---------- Entries shown ----------
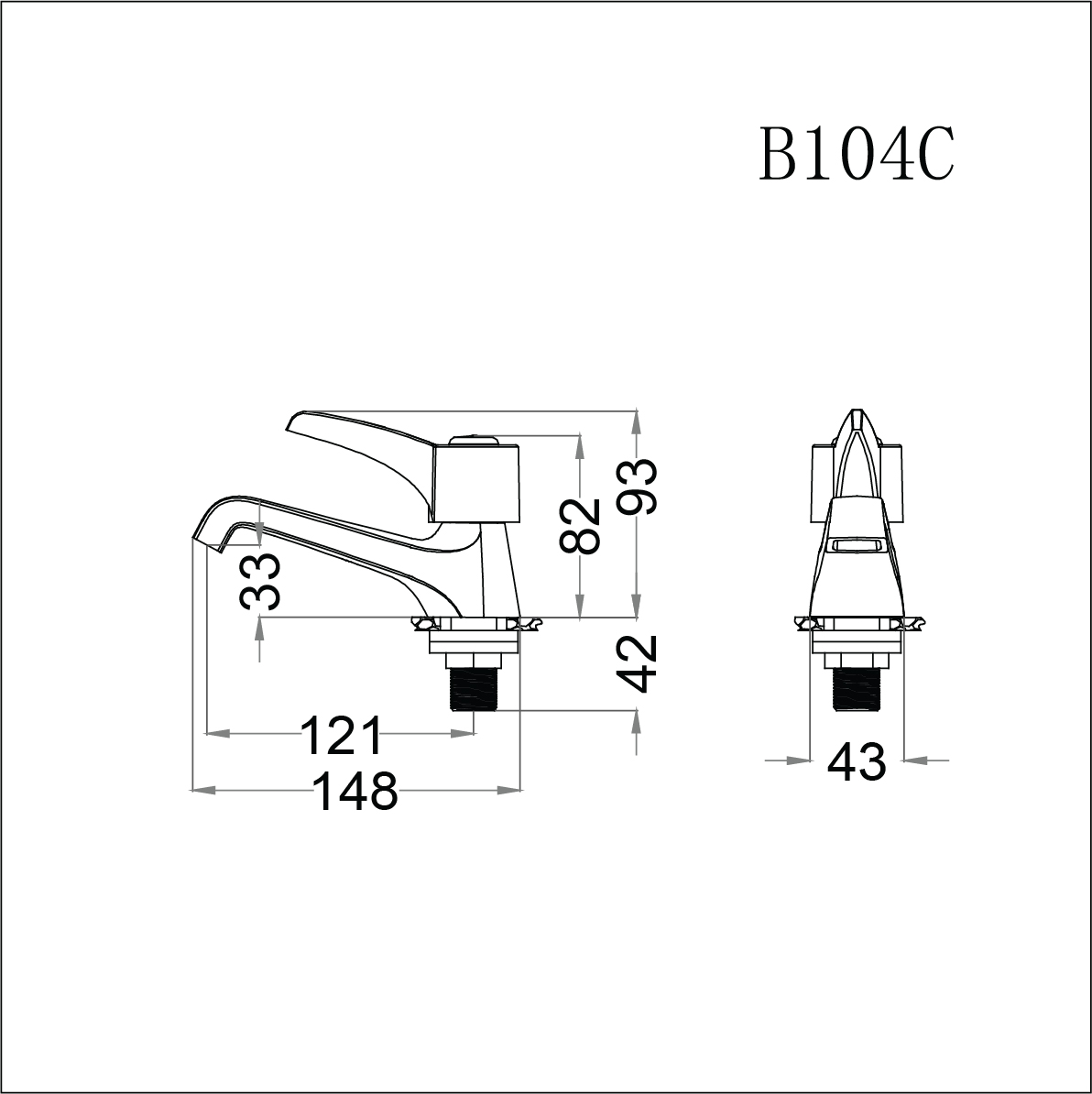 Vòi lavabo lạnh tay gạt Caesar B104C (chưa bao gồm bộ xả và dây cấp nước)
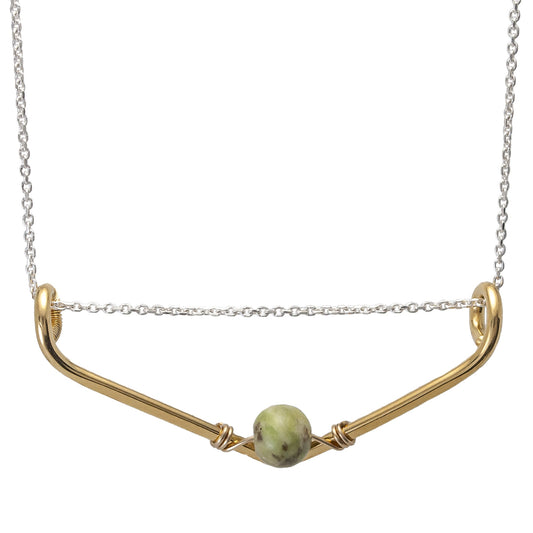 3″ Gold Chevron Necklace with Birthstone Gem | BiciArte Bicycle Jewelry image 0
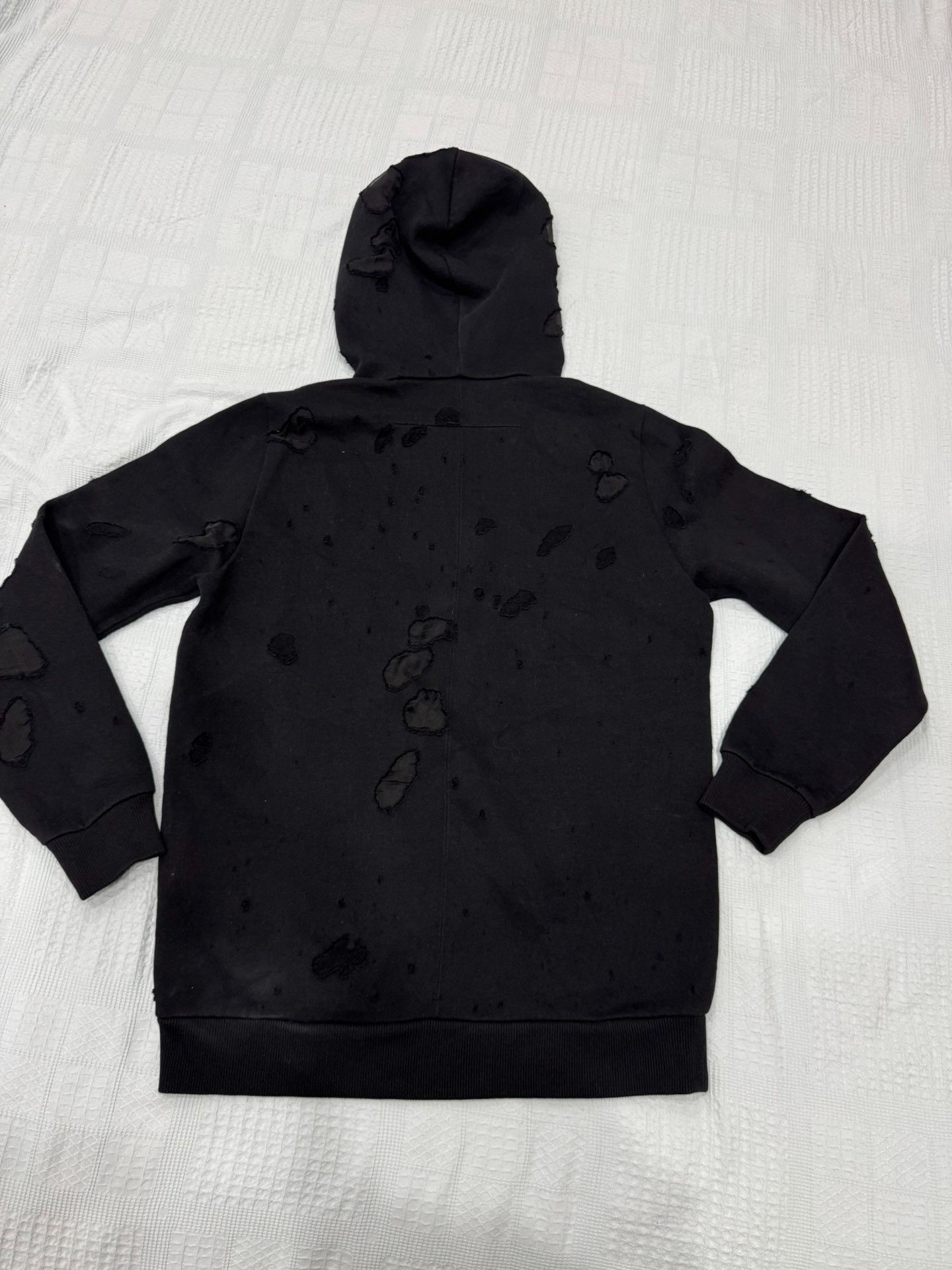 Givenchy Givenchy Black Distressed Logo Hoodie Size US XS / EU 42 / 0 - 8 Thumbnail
----------
---------- Entries shown ----------
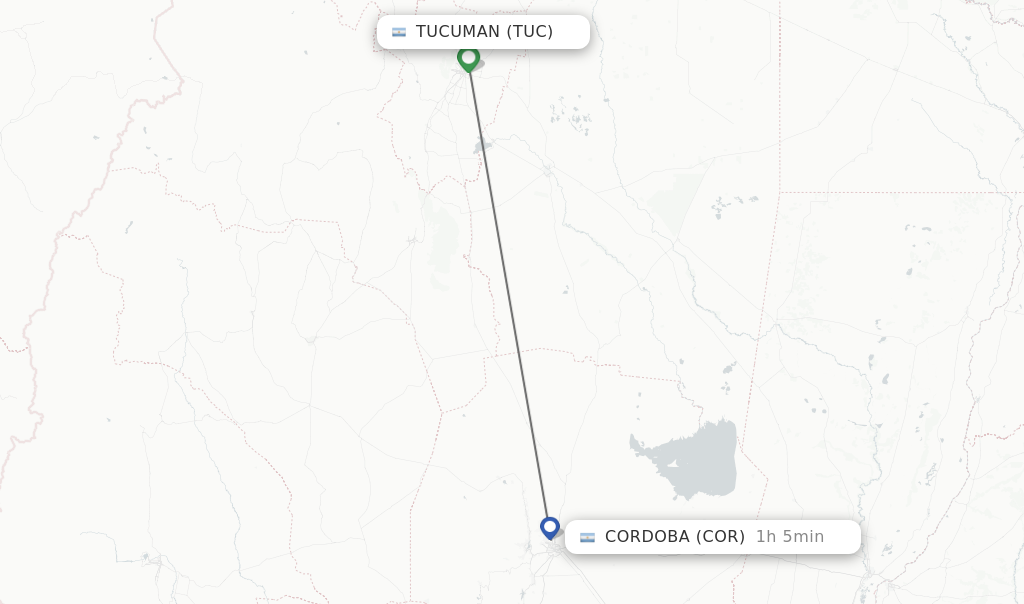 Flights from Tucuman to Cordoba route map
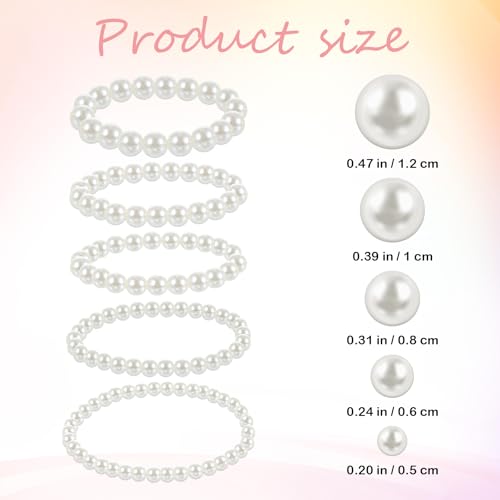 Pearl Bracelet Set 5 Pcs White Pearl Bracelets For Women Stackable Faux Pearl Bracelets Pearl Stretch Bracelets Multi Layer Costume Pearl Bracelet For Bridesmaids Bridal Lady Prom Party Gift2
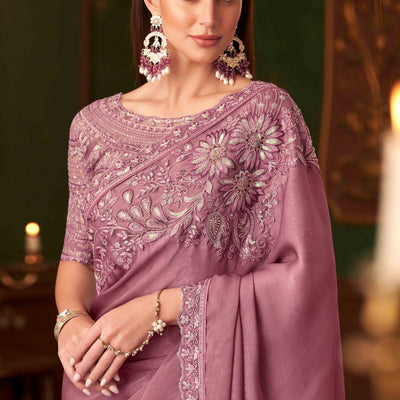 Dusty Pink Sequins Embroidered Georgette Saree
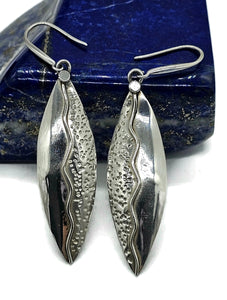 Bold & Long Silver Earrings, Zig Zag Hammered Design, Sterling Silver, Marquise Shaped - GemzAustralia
----------
§ **Work task**
Transcribe the listing above exactly, but only from the line with "Flights from Tucuman to Cordoba route map" through the line with "Pearl Bracelet Set". Include both of those lines and omit the pictures.

§ **Response for this exercise**
 Flights from Tucuman to Cordoba route map
 Pearl Bracelet Set 5 Pcs White Pearl Bracelets For Women Stackable Faux Pearl Bracelets Pearl Stretch Bracelets Multi Layer Costume Pearl Bracelet For Bridesmaids Bridal Lady Prom Party Gift2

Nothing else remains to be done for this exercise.